El oficialismo insiste en que el bitcoin traerá abundancia al país y sus habitantes, pero el objetivo de la llamada ley de activos digitales es proteger a los grupos vinculados con las criptomonedas y otorgar liquidez a una hacienda pública en crisis permanente. La ley busca persuadir a los grandes inversionistas en criptomonedas de la solidez del régimen. Un préstamo de alto riesgo y muy caro para la fiscalidad nacional, ya que ofrece exención de impuestos y abre la puerta al fraude, una práctica común de esas especies, y al lavado de dinero.

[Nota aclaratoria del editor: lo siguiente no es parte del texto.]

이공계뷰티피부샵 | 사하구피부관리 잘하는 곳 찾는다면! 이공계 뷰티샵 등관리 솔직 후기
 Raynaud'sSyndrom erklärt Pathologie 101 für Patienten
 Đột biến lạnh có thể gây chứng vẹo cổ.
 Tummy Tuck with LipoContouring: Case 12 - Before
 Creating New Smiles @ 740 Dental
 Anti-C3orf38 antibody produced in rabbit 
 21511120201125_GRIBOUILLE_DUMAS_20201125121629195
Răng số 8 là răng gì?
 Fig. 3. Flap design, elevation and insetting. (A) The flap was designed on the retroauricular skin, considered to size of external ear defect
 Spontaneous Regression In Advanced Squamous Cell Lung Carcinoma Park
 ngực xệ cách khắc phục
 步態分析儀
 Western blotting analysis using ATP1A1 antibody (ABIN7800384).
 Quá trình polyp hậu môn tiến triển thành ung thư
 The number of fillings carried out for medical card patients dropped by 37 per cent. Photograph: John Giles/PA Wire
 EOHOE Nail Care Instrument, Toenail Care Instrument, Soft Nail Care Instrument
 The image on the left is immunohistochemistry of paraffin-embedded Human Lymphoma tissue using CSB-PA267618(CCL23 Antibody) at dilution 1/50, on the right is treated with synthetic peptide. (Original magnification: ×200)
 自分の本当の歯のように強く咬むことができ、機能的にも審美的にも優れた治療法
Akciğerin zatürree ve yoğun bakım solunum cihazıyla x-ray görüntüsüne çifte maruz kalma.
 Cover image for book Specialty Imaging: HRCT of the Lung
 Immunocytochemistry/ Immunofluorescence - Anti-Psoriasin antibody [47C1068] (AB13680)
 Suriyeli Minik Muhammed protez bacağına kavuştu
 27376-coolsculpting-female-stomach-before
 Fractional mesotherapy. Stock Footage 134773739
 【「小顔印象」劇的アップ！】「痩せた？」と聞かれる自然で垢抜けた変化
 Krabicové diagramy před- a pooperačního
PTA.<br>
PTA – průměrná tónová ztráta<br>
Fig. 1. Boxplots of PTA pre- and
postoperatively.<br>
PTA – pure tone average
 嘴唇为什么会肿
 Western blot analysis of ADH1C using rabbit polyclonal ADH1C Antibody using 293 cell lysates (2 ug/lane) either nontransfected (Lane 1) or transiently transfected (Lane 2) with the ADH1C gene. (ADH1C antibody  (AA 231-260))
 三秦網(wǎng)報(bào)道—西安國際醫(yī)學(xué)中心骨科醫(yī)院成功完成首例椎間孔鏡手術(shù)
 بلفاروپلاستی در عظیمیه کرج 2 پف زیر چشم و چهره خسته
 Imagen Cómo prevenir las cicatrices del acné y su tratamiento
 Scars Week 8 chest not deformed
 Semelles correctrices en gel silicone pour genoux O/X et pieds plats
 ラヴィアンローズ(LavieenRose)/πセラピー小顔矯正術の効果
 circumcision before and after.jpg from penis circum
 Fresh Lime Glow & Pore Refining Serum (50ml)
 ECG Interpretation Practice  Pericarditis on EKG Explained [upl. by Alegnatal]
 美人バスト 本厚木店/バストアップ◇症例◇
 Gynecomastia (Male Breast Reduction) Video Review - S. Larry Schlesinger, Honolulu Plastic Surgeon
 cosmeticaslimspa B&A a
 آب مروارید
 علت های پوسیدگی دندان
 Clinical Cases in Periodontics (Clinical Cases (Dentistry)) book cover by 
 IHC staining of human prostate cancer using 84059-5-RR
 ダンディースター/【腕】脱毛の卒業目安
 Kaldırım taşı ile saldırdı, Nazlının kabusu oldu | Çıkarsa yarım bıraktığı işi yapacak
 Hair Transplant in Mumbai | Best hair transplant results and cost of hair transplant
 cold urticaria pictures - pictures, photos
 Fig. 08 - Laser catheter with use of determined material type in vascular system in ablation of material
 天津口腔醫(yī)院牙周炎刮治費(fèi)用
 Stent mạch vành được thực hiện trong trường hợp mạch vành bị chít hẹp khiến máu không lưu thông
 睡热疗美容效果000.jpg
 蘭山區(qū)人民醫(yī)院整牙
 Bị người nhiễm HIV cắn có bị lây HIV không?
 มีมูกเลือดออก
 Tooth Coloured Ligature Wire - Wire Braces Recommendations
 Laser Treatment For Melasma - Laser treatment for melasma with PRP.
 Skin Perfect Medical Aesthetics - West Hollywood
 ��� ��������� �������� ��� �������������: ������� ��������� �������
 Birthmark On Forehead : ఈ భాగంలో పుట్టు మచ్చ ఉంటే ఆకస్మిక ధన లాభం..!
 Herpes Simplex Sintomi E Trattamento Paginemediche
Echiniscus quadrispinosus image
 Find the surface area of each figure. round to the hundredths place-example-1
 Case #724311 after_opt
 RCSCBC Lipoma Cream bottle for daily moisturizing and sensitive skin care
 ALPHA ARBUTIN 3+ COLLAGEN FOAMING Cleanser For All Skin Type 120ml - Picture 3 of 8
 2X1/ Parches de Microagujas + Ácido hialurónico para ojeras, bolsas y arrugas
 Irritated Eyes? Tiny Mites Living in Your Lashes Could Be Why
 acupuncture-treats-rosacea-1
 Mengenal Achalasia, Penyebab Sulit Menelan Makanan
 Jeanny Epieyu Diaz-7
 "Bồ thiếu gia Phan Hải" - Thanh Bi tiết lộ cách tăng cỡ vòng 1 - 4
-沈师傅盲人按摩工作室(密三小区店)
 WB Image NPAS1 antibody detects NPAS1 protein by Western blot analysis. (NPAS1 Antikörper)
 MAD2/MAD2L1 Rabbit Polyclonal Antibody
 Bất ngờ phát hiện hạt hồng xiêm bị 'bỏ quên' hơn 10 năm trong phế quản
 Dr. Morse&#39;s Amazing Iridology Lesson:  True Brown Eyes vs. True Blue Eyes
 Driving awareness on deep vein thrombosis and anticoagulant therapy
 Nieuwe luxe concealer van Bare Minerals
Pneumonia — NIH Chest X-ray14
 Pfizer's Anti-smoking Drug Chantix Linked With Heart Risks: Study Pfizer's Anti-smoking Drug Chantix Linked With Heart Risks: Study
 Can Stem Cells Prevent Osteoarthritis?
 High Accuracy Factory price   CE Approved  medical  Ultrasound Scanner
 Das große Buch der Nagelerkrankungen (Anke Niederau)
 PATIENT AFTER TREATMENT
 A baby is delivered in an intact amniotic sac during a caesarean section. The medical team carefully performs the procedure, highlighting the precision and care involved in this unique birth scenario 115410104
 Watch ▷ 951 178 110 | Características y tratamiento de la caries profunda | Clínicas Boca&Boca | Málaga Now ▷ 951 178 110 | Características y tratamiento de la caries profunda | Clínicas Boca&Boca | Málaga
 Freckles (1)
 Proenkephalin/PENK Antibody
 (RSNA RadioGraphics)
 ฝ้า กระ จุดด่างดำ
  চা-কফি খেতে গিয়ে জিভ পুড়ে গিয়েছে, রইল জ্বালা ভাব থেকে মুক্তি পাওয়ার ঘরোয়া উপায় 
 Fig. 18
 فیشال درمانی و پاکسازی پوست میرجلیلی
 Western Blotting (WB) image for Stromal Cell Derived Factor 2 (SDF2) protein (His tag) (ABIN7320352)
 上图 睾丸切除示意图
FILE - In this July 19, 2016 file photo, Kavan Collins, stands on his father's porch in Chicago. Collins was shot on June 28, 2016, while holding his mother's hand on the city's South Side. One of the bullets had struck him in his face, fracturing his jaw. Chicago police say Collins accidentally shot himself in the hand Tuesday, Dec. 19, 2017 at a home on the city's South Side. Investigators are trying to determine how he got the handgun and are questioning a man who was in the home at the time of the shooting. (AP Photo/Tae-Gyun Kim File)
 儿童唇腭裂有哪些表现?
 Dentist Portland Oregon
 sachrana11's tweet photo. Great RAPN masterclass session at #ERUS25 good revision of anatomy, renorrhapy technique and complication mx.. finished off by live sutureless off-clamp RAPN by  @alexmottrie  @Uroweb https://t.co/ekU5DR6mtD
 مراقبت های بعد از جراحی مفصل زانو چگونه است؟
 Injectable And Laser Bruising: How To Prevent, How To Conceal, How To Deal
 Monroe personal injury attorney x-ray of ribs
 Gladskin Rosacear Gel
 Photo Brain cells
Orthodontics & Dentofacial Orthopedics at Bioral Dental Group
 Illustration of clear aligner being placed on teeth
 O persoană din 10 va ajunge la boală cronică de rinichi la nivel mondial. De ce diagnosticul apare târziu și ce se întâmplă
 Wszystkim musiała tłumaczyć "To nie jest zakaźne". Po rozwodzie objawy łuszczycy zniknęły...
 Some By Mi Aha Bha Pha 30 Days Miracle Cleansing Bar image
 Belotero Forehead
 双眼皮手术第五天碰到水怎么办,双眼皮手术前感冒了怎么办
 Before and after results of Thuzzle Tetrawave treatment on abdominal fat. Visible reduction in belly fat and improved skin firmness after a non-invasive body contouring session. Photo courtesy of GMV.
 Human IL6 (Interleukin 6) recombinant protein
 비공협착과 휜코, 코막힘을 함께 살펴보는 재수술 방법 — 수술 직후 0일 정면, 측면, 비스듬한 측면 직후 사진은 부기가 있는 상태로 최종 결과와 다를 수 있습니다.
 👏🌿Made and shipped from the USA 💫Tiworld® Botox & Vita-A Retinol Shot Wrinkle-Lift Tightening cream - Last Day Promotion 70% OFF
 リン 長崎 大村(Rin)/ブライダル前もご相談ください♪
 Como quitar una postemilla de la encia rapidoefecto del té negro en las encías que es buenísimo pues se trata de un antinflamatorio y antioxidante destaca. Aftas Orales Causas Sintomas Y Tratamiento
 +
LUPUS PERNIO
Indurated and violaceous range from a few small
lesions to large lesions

Implícitamente, la ley ratifica los centenares de millones de dólares que Bukele ha gastado en adquirir bitcoin y en financiar a las empresas privadas asociadas a su administración. Los ganadores son los grandes inversionistas en criptomonedas y los Bukele y sus socios, mientras que los grandes perdedores son el erario nacional y aquellos que aún aguardan la prometida abundancia del bitcoin.
La ley del transporte es como la de la basura. En teoría, buena; en la práctica, inaplicable por falta de agentes. El oficialismo es incauto si piensa que con aumentar las infracciones y las multas ordenará el tráfico terrestre. Excepto en “los semáforos inteligentes” de las intersecciones principales, que registrarán las infracciones y asignarán las multas electrónicamente, en el resto de las vías, que es la mayoría, los vehículos, incluidos los oficiales y los nacionales, continuarán circulando tan caóticamente como hasta ahora. La educación vial es urgente y muy necesaria, pero no tiene posibilidades reales sin coacción, porque la naturaleza humana tiende al menor esfuerzo y al egoísmo. Al igual que en el caso de la basura, las regulaciones de la nueva ley superan con mucho la capacidad de ejecución del régimen.
Otro embuste es la nueva ley de las compras gubernamentales. Un vergonzoso mentís a la promesa electoral de Bukele de erradicar la corrupción. El control total del poder estatal ha abierto unas posibilidades demasiado atractivas como para dejarlas pasar. La ley da vía libre a la disposición discrecional y sigilosa de los fondos públicos para financiar tanto las megalómanas infraestructuras de Bukele como los gastos ordinarios y de funcionamiento. La norma está hecha a la medida de los Bukele y sus incondicionales. Pero tiene la suficiente flexibilidad como para que la burocracia de menor rango aproveche la contratación de toda clase de bienes y servicios para acrecentar su fortuna. El dinero de los contribuyentes que termine en los bolsillos de unos y de otros será sustraído de la inversión social, que beneficia directamente a la población que lucha para sobrevivir. Menos mal que los Bukele no disponen de tantos millones como quisieran, pero sí los suficientes como para enriquecer a los suyos, a costa de despojar al pueblo de unos servicios imprescindibles.
La mal llamada reforma “integral” de las pensiones es otra burla del régimen. La repetidamente anunciada y aguardada reforma solo beneficia, con restricciones notables, a los ya jubilados. Los trabajadores que se retiren a partir de ahora descubrirán amargamente que la reforma no los favorece. El hallazgo pondrá en crisis la confianza de los creyentes en Bukele. La reforma pudo ser más ambiciosa y responder, al menos en alguna medida, a las expectativas creadas por la propaganda oficialista. Bukele dispone de capital político para introducir una reforma más audaz. Pero no se atrevió a revertir la privatización de Arena para no contrariar a los que negocian con la vejez de los salvadoreños. No está interesado en garantizar el bienestar de los jubilados ni en dejar una pensión universal digna, sino en acceder al ahorro de los trabajadores para disponer de liquidez con la que financiar sus proyectos vitrina, que hacen el deleite de turistas y aventureros extranjeros de paso y que deslumbran a la hinchada local. En las dependencias gubernamentales, excepto en Casa Presidencial y el Ejército, falta dinero para pagar salarios, prestaciones, funcionamiento y proveedores. Por eso, Bukele celebra como gesta heroica el pago de la deuda que vencía en enero.
Es intrigante lo que el vicepresidente quiso decir en la reciente cumbre latinoamericana, al afirmar que con la gestión de aquel “El Salvador finalmente ha encontrado su rumbo”. La confianza que suscita en la opinión pública, según la última encuesta del Iudop, es exactamente igual al descontento con el mal estado de la economía familiar. No sorprende, entonces, que la quinta parte de la población desee abandonar ese país, para buscar un rumbo más realista y prometedor en otro lado.